Following Nirvana’s three studio albums, three compilations, three live albums, three bonus-rich reissues and an extensive four-disc box set, it was assumed that material by the Seattle outfit, whose career lasted just seven years, had finally run dry.
However, next month sees the release of Montage of Heck: The Home Recordings, a set of lo-fi acoustic performances by Kurt Cobain that were taped on a boom box between 1986 and 1994. The songs were collected to soundtrack this year’s documentary on the singer, Cobain. Today, the first official fruits from his posthumous debut solo album have emerged, in the form of a fragile acoustic demo version of Sappy, recorded at some point between 1986 and 1988. It will be accompanied on a 7” by a cover of the Beatles’ 1964 song And I Love Her.
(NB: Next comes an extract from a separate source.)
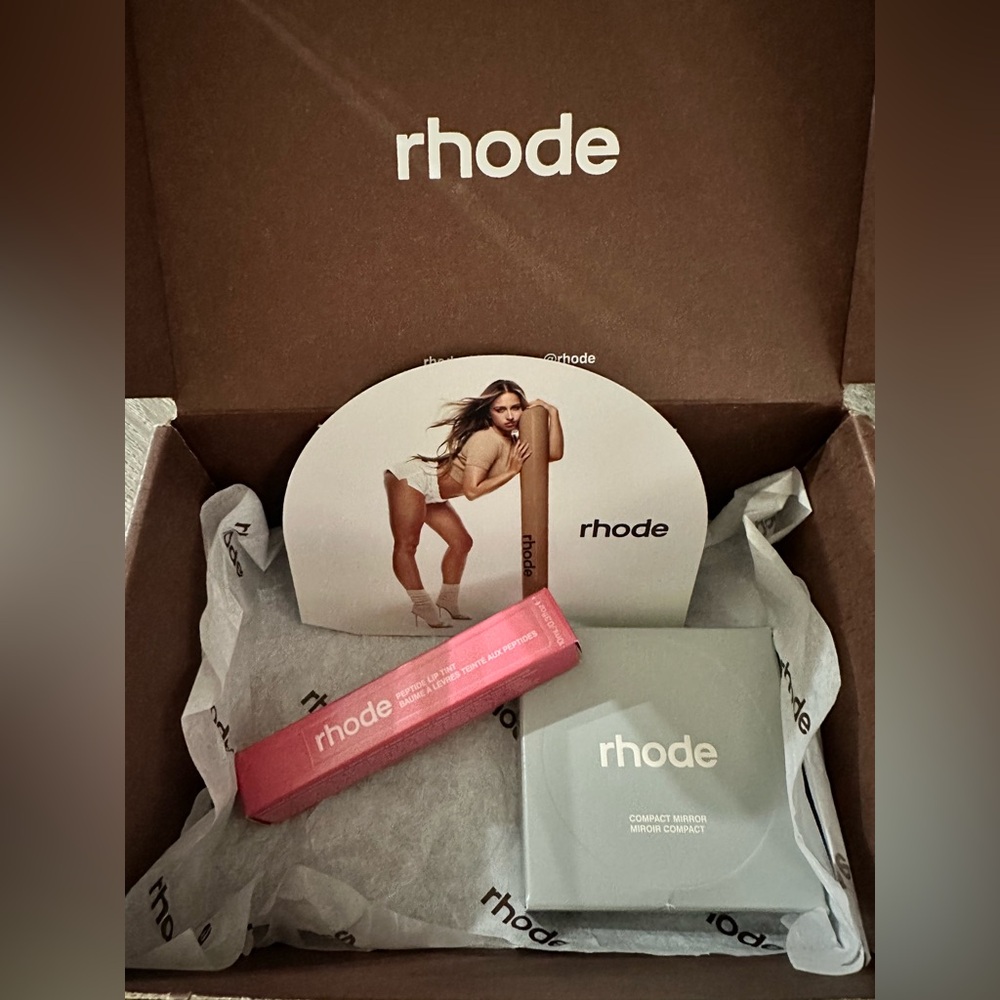 Rhode Sugar Cookie Lip Tint (Limited Edition) & Rhode Compact Mirror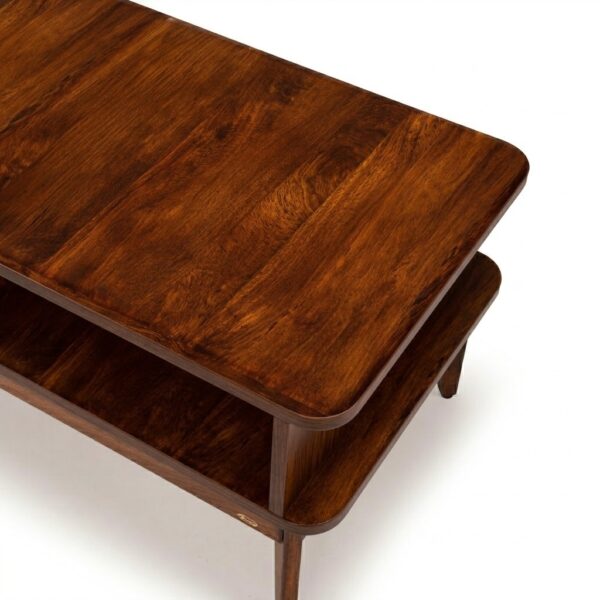 sheesham wood console table dimensions 110x50x45cm walnut finish rustic woods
Sappy is, in many ways, the great lost Nirvana classic. Cut from In Utero at the 11th hour, it got an official release as a secret track on the 1993 charity compilation No Alternative. Written around 1987, Cobain would attempt to record the track numerous times, in different keys and arrangements, and was never satisfied with the results. The song was first attempted with Bleach producer Jack Endino in 1990. “Even [Nirvana’s first label] Sub Pop was kind of puzzled by it,” he said later. “[T]here was no reason to record it right then, no single was planned or anything.”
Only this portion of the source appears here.